# ID this shrimp please?



## chiahead (Dec 18, 2004)

sorry for the bad pics my photo store screwed up the negative processing I think.


----------



## turtlehead (Nov 27, 2004)

bumble bee shrimp


----------



## chiahead (Dec 18, 2004)

thats what I thought just making sure.


----------



## Piscesgirl (Feb 25, 2004)

What color is its head? I'm under the thought that Bumblebees have brown heads? Although I'm of the thought that all 'identifications' are somewhat suspect.


----------



## S (Oct 1, 2004)

Per Petshrimp.com...
_Many people confuse this shrimp with the bee shrimp. The distinction between the two is really very easy. With the bee shrimp the head is white, whereas the bumblebee shrimp has a black head._


----------



## kross (Apr 26, 2005)

S said:


> Per Petshrimp.com...
> _Many people confuse this shrimp with the bee shrimp.
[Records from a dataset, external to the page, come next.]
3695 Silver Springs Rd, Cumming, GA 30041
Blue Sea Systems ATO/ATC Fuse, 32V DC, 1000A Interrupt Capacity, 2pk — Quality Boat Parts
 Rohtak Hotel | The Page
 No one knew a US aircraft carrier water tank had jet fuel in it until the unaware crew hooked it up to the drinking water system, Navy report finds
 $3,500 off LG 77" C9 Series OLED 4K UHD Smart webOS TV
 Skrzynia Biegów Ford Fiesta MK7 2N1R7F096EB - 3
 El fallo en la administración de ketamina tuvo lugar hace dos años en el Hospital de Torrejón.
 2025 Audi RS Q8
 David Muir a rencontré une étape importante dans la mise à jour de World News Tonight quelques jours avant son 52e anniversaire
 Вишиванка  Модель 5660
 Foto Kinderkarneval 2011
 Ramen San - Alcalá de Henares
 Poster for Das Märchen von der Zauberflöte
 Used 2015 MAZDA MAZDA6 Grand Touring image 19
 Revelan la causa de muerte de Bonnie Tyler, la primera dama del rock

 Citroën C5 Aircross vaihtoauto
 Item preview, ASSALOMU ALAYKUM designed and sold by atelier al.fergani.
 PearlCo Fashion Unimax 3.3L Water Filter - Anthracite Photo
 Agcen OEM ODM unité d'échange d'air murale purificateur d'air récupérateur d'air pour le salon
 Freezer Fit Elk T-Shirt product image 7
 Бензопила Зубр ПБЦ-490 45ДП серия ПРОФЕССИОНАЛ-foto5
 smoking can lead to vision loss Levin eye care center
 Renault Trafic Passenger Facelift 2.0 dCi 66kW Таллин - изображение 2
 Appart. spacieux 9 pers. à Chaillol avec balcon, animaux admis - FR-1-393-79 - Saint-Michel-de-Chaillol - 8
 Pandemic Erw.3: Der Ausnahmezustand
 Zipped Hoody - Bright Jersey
The distinction between the two is really very easy. With the bee shrimp the head is white, whereas the bumblebee shrimp has a black head._


can a crs cross with a bumble bee then?


----------



## Piscesgirl (Feb 25, 2004)

It is speculated that it is possible; however, I haven't heard of it yet.


----------



## richy (Nov 8, 2004)

i don't believe CRS can cross-breed with bumble bee. my understanding is that they are different species. CRS can cross with a bee, however, since they are derivatives of the bee shrimp.


----------



## Raul-7 (Feb 4, 2004)

Since it clearly has a blackhead, it is clearly a bumblebee shrimp. Why would you say it's a cross?


----------